**DATA**:

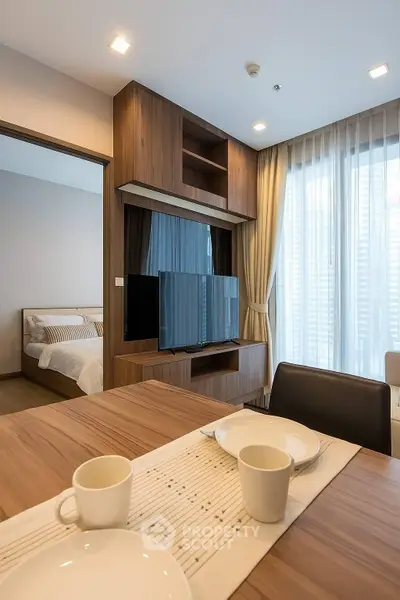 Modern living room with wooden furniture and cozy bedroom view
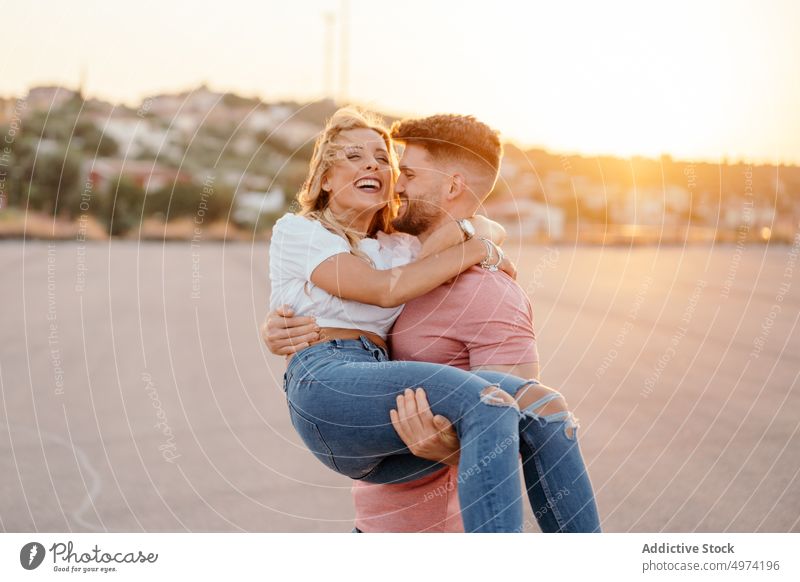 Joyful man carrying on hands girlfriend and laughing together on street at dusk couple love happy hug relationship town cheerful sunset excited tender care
---
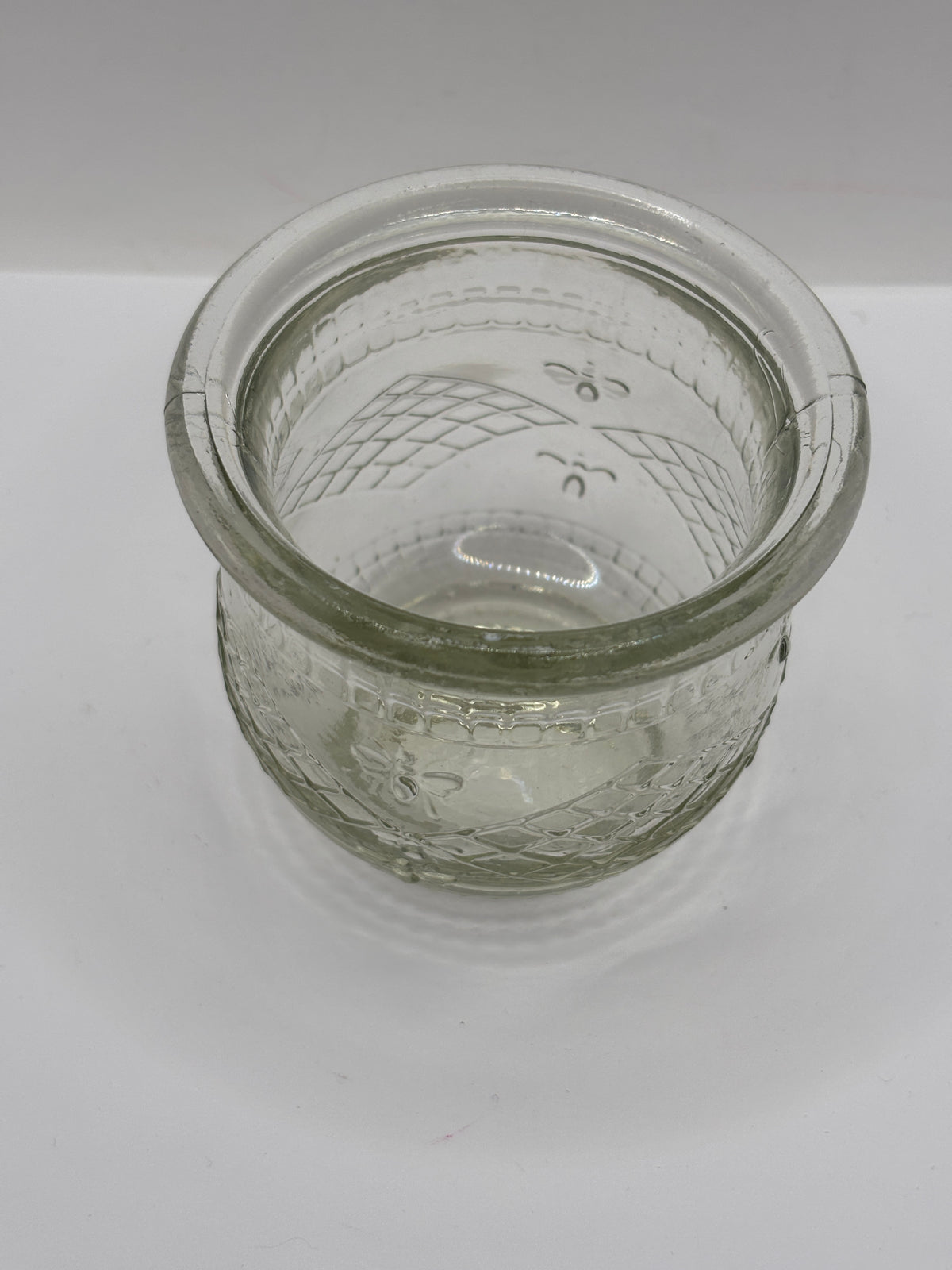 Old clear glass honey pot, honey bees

**AIM OF THE TASK**: From the records above, copy exactly the stretch from the line holding "Modern living room" through the line holding "Joyful man carrying", both ends included, without the pictures.

**ANSWER TO THIS TASK**:
 Modern living room with wooden furniture and cozy bedroom view
 Joyful man carrying on hands girlfriend and laughing together on street at dusk couple love happy hug relationship town cheerful sunset excited tender care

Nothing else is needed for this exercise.